# worksheet 11a: Plotting with pandas and matplotlib

### Pandas leverages matplotlib
In this notebook you will learn the basics of matplotlib and integration
with pandas
- link here https://matplotlib.org/stable/tutorials/pyplot.html
- https://matplotlib.org/stable/api/_as_gen/matplotlib.pyplot.plot.html#matplotlib.pyplot.plot

In [None]:
import pandas as pd
import numpy as np
import matplotlib.pyplot as plt

In [None]:
gene_tx_df = pd.read_csv('genes_transcripts.csv')

In [None]:
gene_tx_df['gene_name'].unique()

In [None]:
gene_tx_df['gene_name'].nunique()

## matplotlib pyplot + pandas

### line plot, only `y` data
when a single list of values passed to `plt.plot` 
- treated as y-axis values
- matplotlib generates x-axis values to match this

In [None]:
plt.plot(gene_tx_df['gene_name'].unique())

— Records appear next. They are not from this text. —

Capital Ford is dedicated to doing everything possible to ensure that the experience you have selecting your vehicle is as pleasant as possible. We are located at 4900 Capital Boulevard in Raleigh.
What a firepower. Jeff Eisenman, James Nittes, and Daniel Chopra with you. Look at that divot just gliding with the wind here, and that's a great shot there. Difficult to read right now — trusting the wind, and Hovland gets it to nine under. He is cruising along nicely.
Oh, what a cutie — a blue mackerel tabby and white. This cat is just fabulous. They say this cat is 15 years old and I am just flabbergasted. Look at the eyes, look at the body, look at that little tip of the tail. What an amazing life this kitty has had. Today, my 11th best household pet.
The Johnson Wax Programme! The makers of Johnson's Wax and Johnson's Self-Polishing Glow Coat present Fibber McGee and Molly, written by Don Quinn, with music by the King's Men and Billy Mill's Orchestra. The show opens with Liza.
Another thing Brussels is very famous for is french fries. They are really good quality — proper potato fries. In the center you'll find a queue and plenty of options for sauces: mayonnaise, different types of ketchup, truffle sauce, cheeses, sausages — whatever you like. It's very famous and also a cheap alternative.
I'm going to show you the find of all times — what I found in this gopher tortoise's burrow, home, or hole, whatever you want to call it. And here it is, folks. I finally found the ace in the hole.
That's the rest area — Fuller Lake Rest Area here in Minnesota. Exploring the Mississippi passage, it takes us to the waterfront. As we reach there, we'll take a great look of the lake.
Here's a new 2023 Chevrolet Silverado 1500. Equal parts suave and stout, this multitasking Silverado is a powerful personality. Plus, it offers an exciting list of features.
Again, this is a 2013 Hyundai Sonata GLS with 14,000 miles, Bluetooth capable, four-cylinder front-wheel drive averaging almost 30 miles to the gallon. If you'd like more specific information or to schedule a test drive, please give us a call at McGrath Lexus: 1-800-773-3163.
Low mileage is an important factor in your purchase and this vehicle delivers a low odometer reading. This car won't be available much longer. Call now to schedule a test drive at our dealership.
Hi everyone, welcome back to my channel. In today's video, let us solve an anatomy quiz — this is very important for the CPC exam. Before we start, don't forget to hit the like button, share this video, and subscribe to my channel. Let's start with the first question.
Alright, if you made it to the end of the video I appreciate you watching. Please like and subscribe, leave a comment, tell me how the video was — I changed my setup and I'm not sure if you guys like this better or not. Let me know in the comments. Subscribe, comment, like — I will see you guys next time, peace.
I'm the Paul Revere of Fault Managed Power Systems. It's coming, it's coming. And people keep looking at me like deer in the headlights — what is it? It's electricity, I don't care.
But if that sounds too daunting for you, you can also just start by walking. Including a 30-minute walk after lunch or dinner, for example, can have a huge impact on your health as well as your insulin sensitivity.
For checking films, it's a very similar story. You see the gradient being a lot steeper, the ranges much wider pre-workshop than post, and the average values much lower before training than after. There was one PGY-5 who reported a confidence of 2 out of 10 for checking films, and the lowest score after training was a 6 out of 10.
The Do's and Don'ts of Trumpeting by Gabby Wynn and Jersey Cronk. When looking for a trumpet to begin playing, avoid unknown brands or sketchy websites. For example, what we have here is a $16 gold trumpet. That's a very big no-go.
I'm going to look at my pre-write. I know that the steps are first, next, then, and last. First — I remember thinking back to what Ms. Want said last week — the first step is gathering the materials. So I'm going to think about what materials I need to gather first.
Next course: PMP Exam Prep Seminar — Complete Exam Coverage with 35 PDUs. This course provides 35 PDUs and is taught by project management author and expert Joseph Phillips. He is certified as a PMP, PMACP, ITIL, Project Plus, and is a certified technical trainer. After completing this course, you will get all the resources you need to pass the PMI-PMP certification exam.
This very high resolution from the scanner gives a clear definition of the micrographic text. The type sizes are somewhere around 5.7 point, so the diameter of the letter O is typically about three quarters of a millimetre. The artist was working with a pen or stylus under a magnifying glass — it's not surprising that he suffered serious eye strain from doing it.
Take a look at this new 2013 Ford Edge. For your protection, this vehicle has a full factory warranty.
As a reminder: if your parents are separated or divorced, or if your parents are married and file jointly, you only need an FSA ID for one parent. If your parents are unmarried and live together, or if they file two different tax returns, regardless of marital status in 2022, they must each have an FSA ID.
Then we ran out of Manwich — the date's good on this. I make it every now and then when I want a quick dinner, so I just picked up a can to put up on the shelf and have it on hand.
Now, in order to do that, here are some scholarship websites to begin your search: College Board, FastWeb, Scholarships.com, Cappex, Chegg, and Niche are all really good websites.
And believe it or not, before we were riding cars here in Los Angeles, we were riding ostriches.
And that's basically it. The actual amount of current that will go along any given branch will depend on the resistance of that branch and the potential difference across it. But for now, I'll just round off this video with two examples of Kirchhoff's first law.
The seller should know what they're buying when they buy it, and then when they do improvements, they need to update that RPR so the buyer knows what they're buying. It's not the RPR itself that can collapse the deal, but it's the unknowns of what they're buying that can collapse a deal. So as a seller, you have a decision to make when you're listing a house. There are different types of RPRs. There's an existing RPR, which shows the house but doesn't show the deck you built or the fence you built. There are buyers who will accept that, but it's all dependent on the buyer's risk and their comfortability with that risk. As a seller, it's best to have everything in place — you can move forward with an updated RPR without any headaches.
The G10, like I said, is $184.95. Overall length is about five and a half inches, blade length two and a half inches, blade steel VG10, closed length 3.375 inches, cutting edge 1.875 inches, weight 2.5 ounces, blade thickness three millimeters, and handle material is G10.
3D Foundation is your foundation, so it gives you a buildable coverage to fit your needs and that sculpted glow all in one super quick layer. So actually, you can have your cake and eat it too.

### lineplot, `x` and `y` data
- plot x , y values

In [None]:
plt.plot(gene_tx_df['gene_name'].unique(), 
         gene_tx_df['gene_name'].unique()
        )

### scatterplot, `x` and `y` data
- plot x , y values

In [None]:
plt.scatter(
    gene_tx_df['gene_name'].unique(), 
    gene_tx_df['gene_name'].unique()
)

### Formatting the style of the plot
- default is solid blue line
- change above plot to red points
- see `Example format strings` here https://matplotlib.org/stable/api/_as_gen/matplotlib.pyplot.plot.html#matplotlib.pyplot.plot

In [None]:
plt.scatter(
    gene_tx_df['gene_name'].unique(), 
    gene_tx_df['gene_name'].unique(),
    color='red'
)

In [None]:
plt.plot(
    gene_tx_df['gene_name'].unique(), 
    gene_tx_df['gene_name'].unique(),
    'or'
)

### compare scatter plot to pandas df.plot

In [None]:
d = {
    'col1': gene_tx_df['gene_name'].unique(),
    'col2': gene_tx_df['gene_name'].unique()
}
df = pd.DataFrame(d)

In [None]:
df

In [None]:
df.plot.scatter(x='col1', y='col2', color='red')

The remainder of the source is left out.